╭──

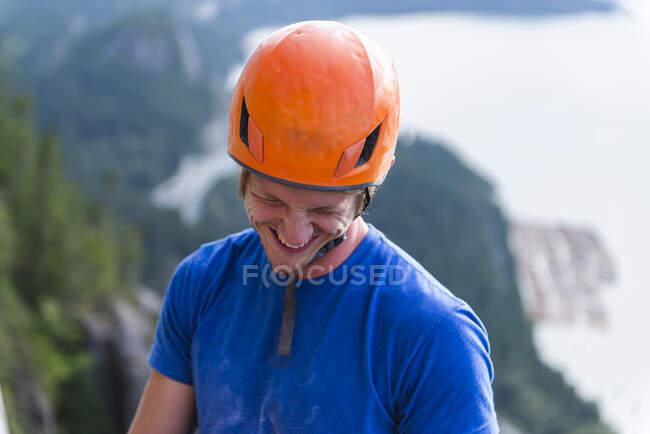 Bergsteiger mit Helm lächelt und lacht und blickt über Wasser — Stockfoto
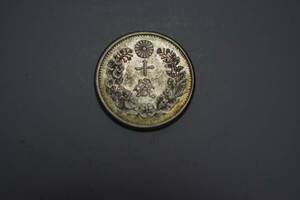 (176-E). wave coin dragon 10 sen silver Meiji 18 year discoloration equipped unused goods Class 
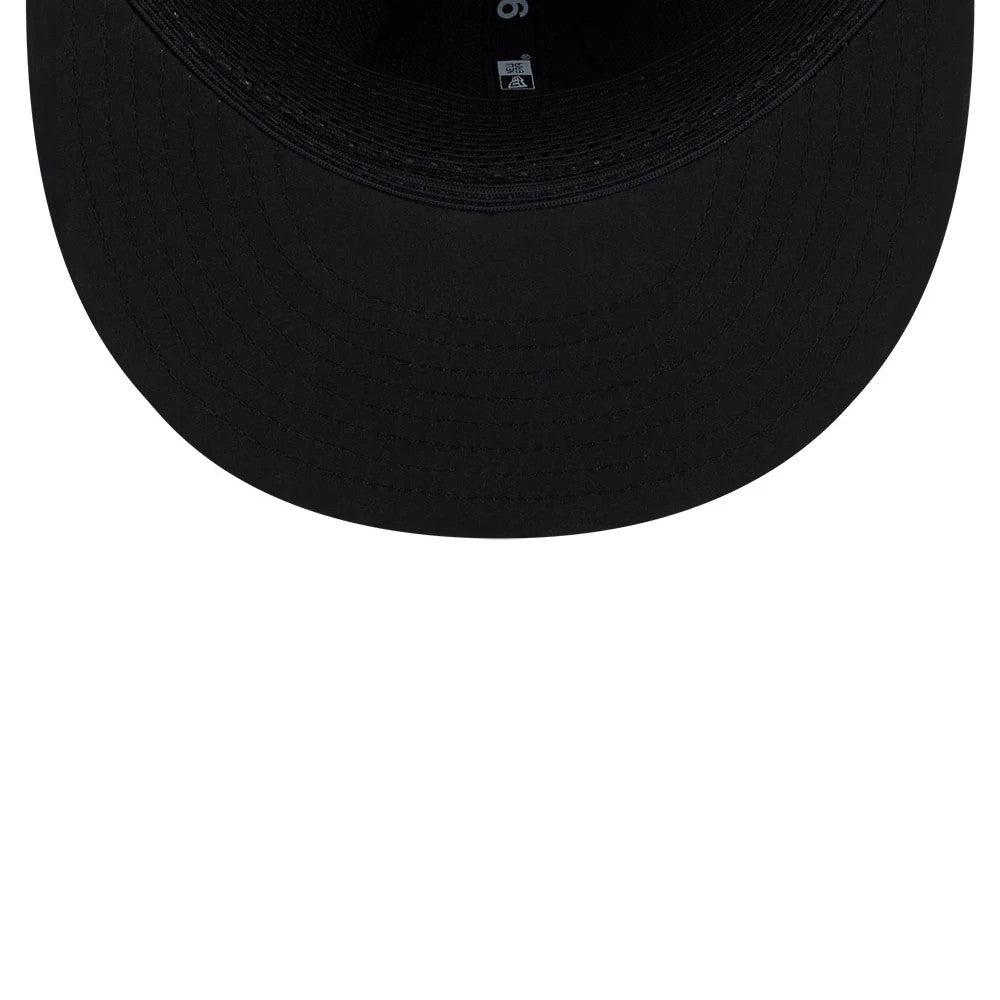 Raiders NFL Sideline 2026 Charcoal New Era 9FIFTY Snapback Adjustable Cap, inside view showing a black sweatband with white New Era branding, charcoal taping lines on the structured crown, and a black undervisor.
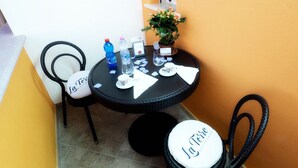 A small round table with chairs, a potted plant, and scattered items like a water bottle, glasses, and napkins.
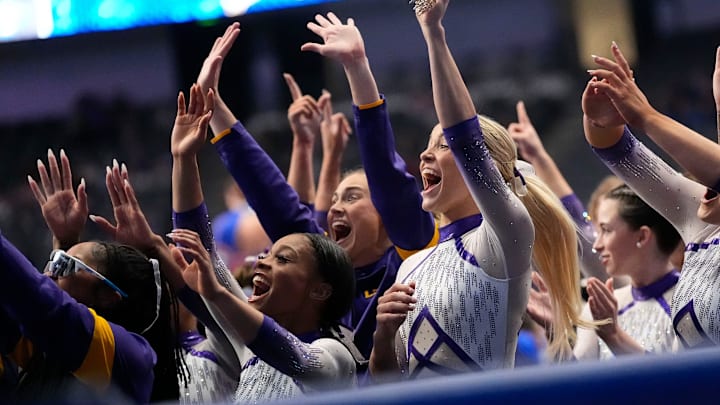 LSU gymnast LSU gymnast Livvy Dunne celebrates with teammates during Session 2 of the SEC Gymnastics Championship at Legacy Arena in Birmingham, Alabama.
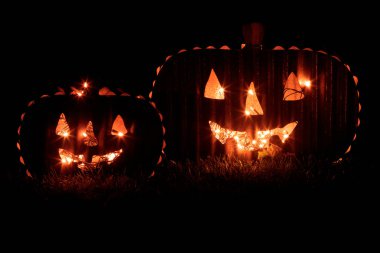 Karanlıkta parlayan iki balkabağı feneri. Cadılar Bayramı Arkaplan Kutlaması.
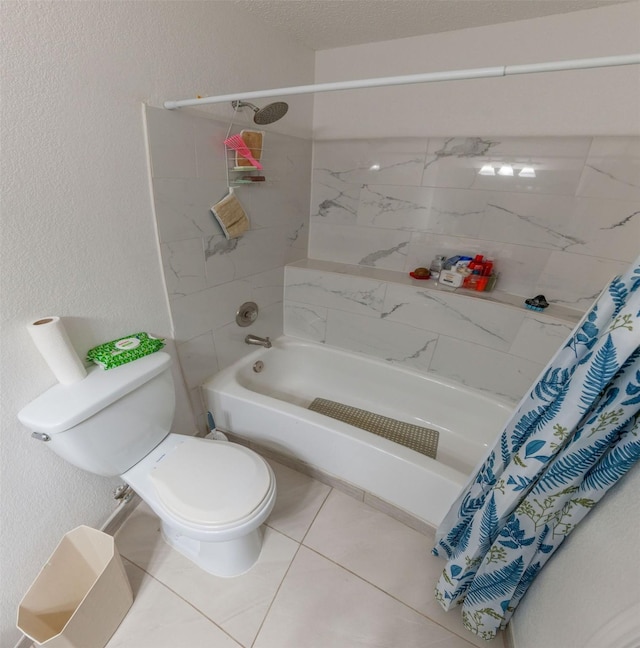 bathroom with toilet, tile patterned floors, and shower / bath combo with shower curtain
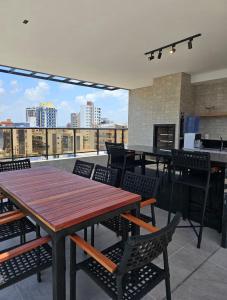 a dining room with tables and chairs on a roof at Flat Azzure 205 in Cabedelo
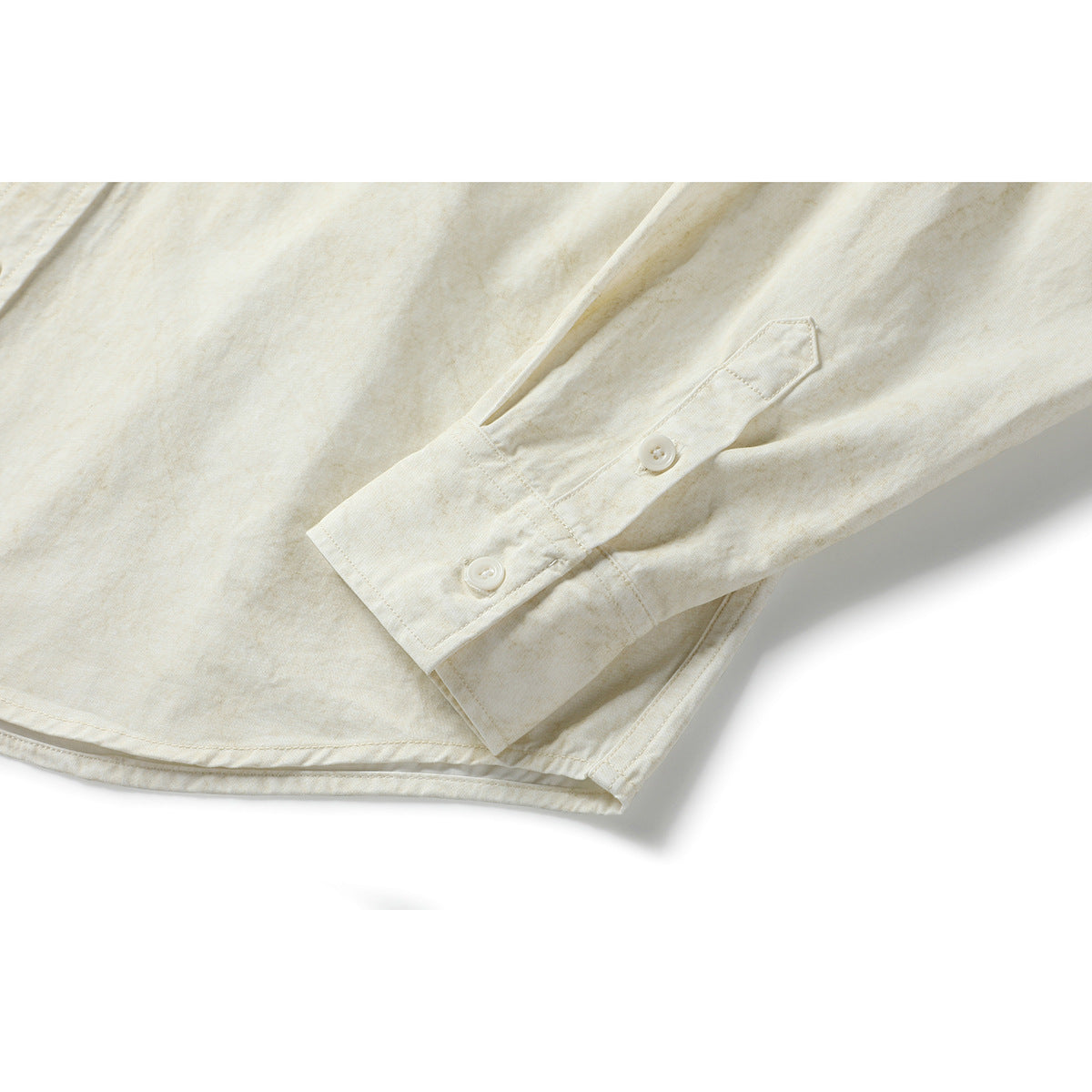 Close-up of an ivory shirt sleeve and cuff with two buttons and a buttoned sleeve placket.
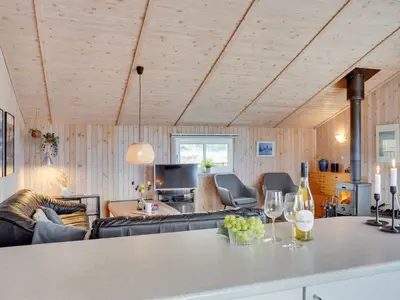 a living room with a couch and a table with wine glasses at Holiday Home Melanie - 950m from the sea by Interhome in Torsted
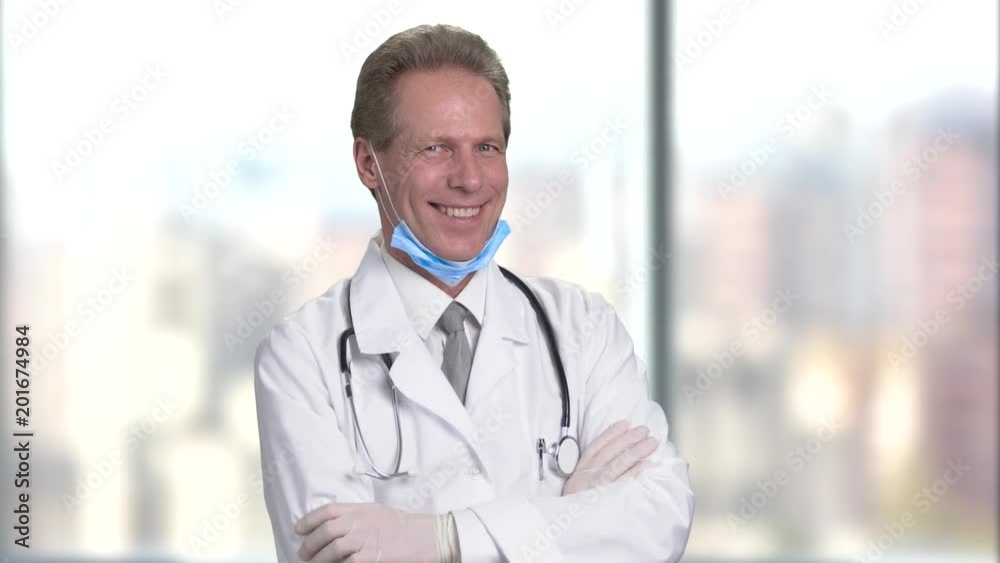 Happy mature middle aged smiling doctor with folded arms, front view. Bright abstract blurred windows background with view on city. Happy mature middle aged smiling doctor with folded arms, front view. Bright abstract blurred windows background with view on city.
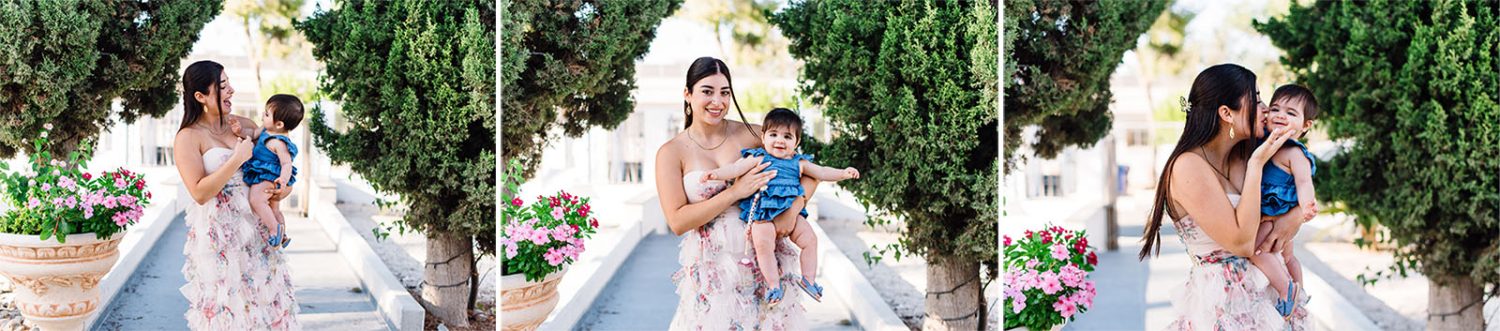 Three-photo collage of the godmother holding and kissing the baby girl on a garden path with cypress trees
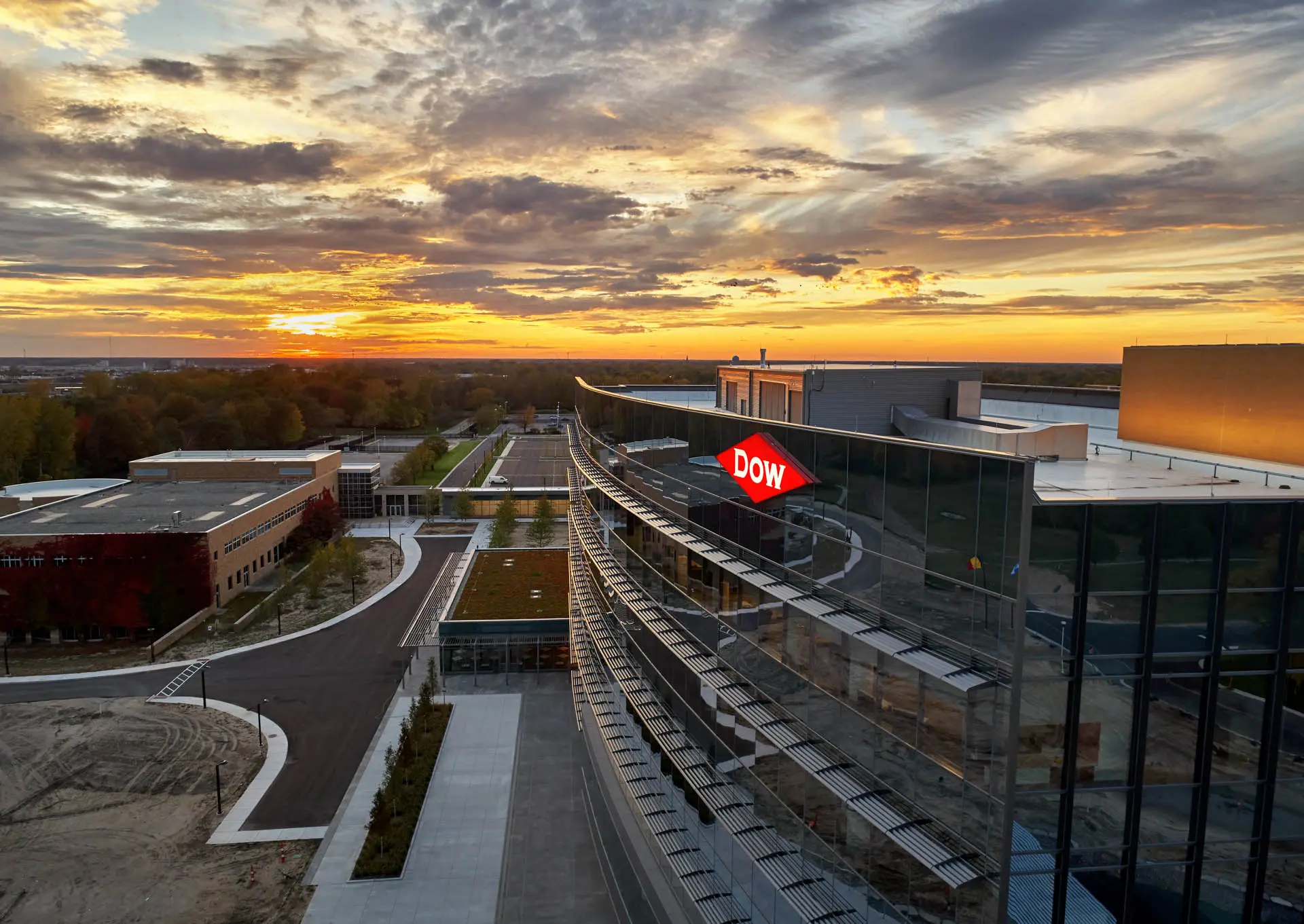 Aerial view of a modern Dow corporate building at sunset.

╰──

* Exercise directions *
Print the data exactly, from its first line to the line containing "Raiders NFL Sideline", both included. Omit the pictures.

* The completed task *
 Bergsteiger mit Helm lächelt und lacht und blickt über Wasser — Stockfoto
 (176-E). wave coin dragon 10 sen silver Meiji 18 year discoloration equipped unused goods Class 
 Raiders NFL Sideline 2026 Charcoal New Era 9FIFTY Snapback Adjustable Cap, inside view showing a black sweatband with white New Era branding, charcoal taping lines on the structured crown, and a black undervisor.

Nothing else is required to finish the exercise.